Exactly the lines below starting at the line with "Think of the" and ending at the line with "We'll now write" are wanted, with both ends included. Leave out the pictures and add no other lines.

**Data to process**

****************

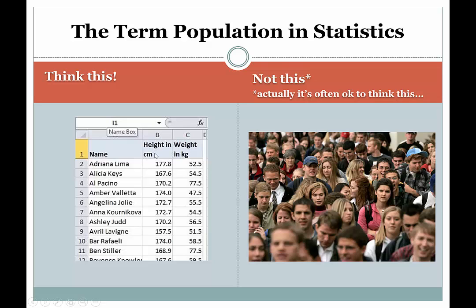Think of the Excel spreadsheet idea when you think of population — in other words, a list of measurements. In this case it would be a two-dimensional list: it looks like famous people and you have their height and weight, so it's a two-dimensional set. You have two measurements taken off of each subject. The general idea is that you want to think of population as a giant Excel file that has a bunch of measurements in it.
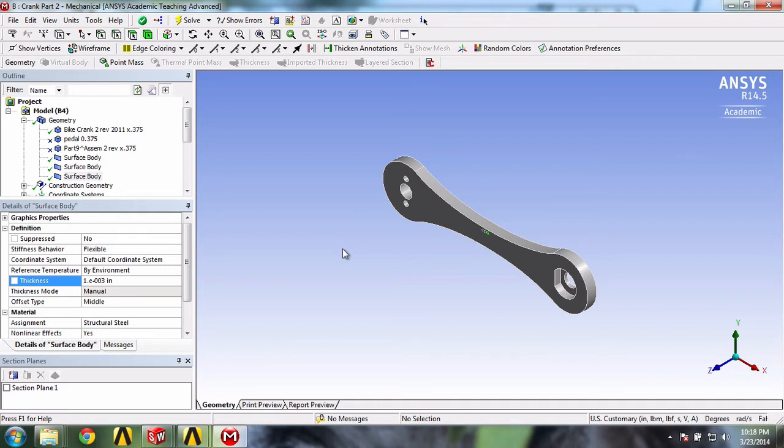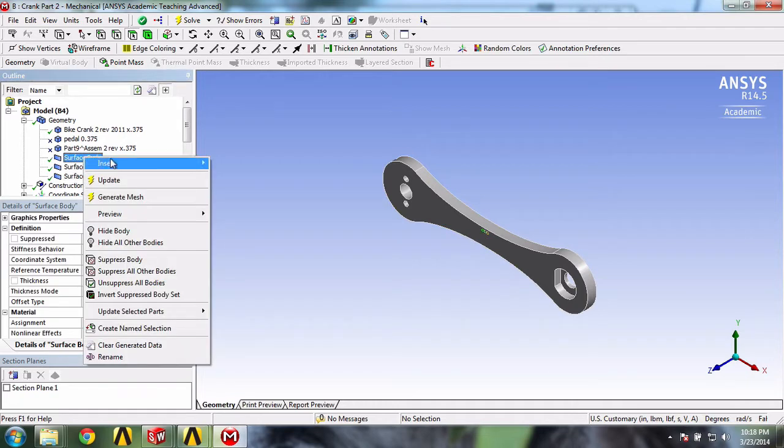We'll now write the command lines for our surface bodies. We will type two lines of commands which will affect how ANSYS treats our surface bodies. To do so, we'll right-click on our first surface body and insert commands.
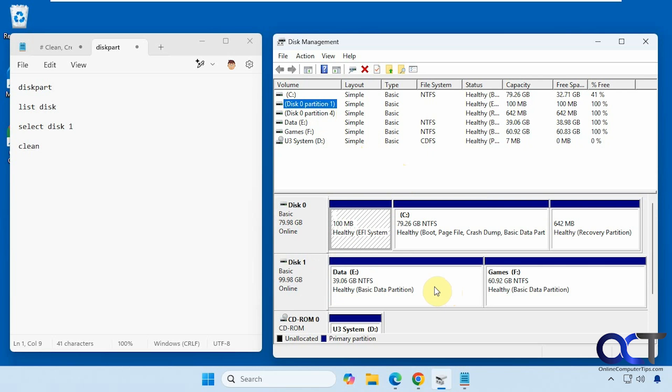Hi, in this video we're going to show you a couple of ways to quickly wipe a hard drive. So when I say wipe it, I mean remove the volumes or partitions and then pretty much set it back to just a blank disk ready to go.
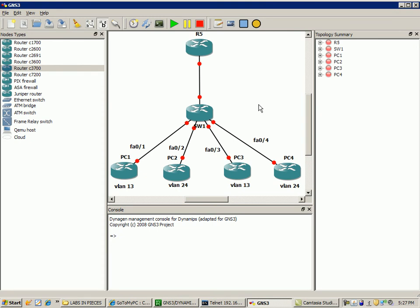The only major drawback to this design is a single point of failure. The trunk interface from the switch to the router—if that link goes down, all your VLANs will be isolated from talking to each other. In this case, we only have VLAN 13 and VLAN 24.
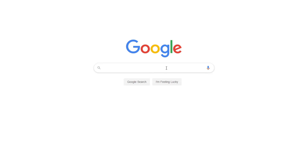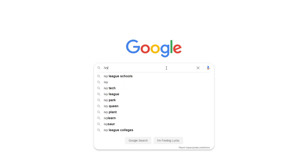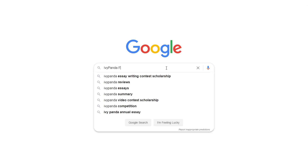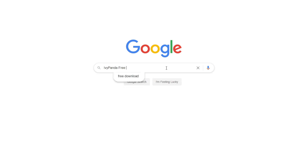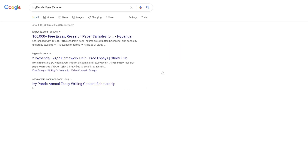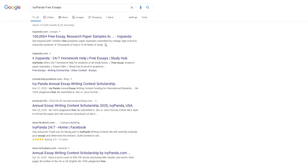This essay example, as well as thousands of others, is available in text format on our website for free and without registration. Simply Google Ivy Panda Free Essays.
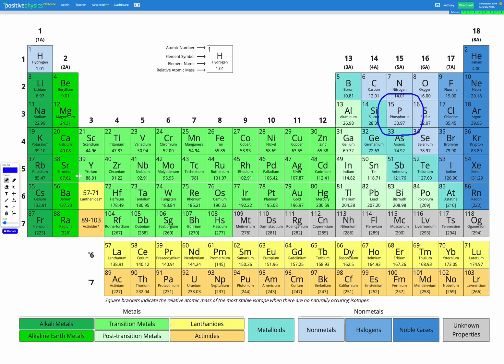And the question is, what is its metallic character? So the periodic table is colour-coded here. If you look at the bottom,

****************

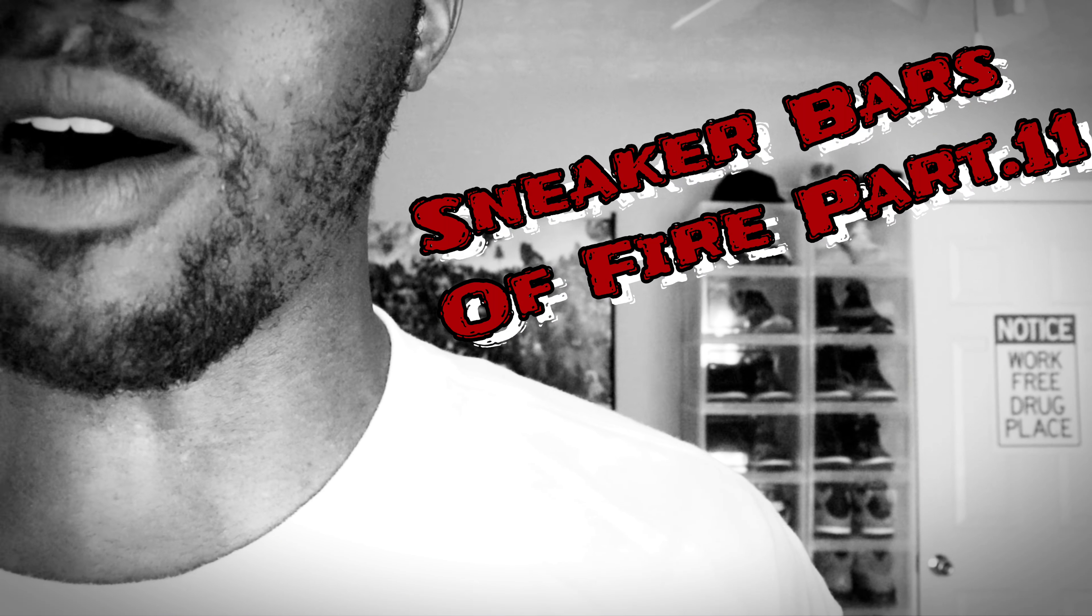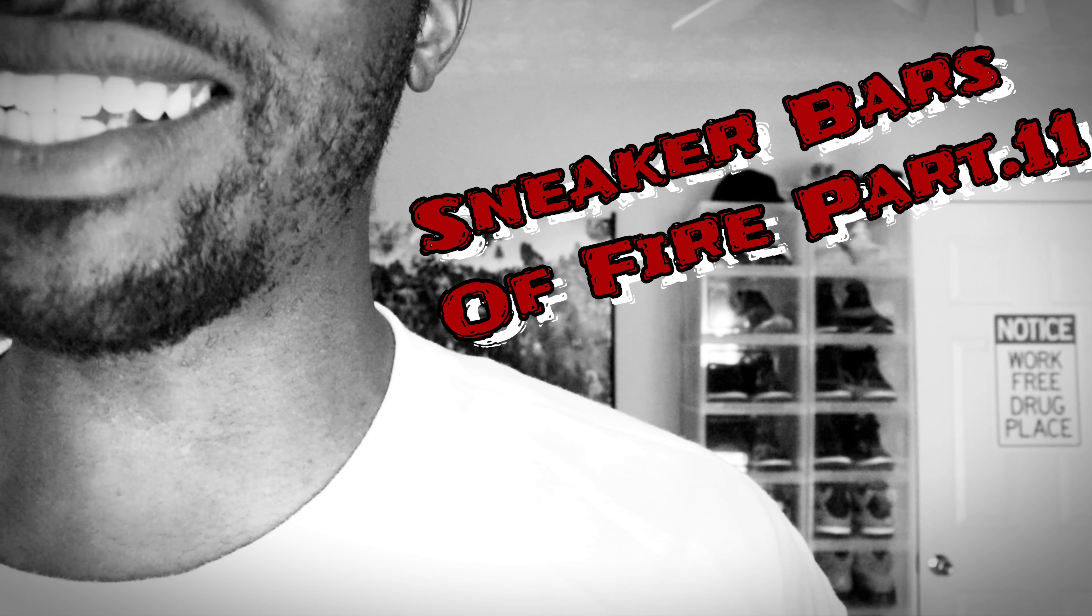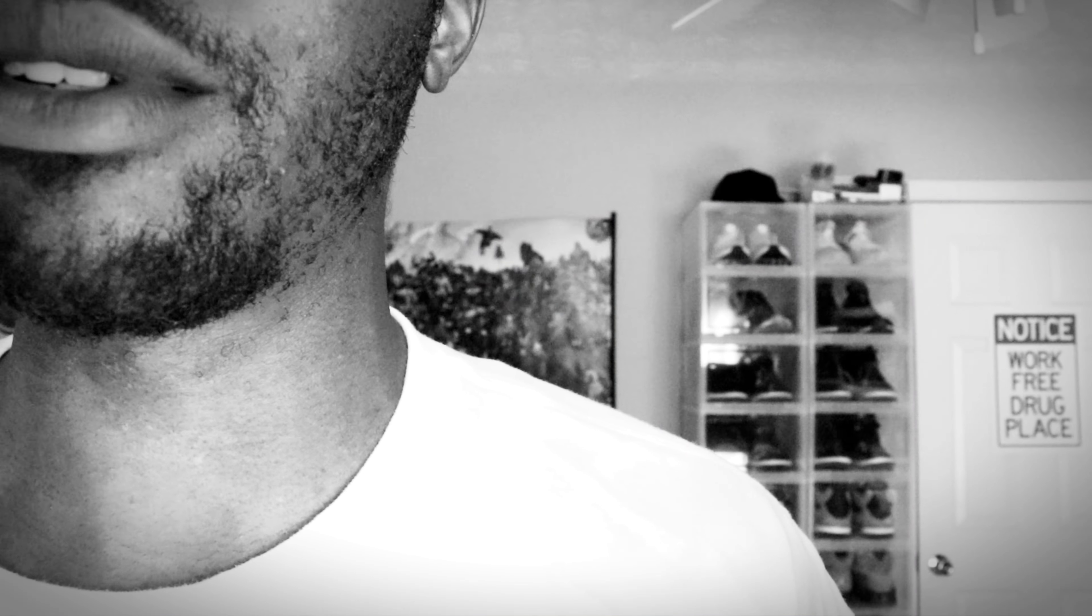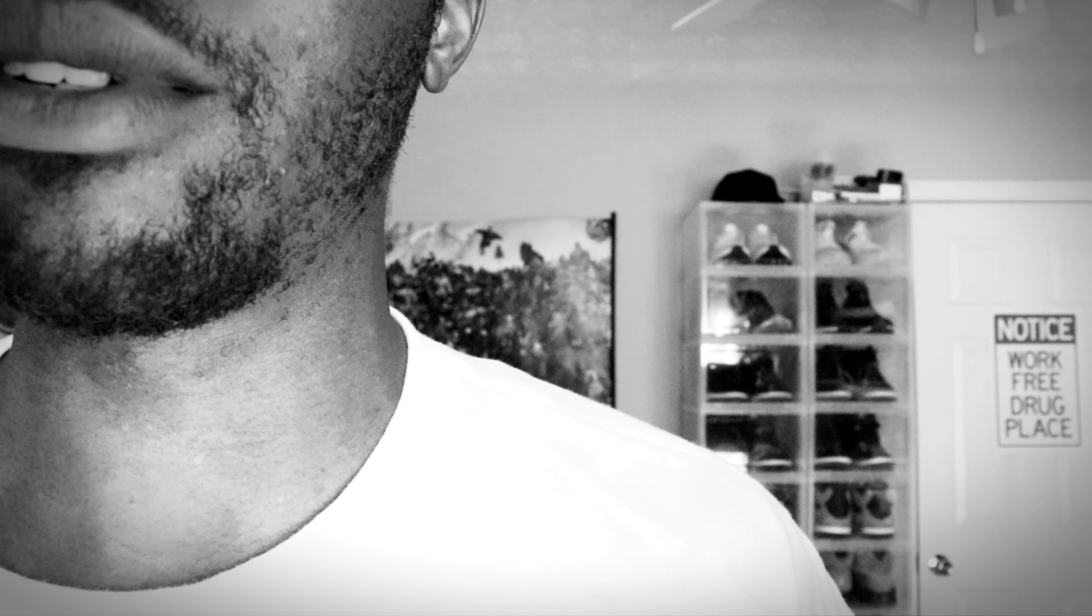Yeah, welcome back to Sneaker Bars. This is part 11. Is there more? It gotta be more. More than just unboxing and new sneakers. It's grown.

****************

**Problem solution**
Think of the Excel spreadsheet idea when you think of population — in other words, a list of measurements. In this case it would be a two-dimensional list: it looks like famous people and you have their height and weight, so it's a two-dimensional set. You have two measurements taken off of each subject. The general idea is that you want to think of population as a giant Excel file that has a bunch of measurements in it.
We'll now write the command lines for our surface bodies. We will type two lines of commands which will affect how ANSYS treats our surface bodies. To do so, we'll right-click on our first surface body and insert commands.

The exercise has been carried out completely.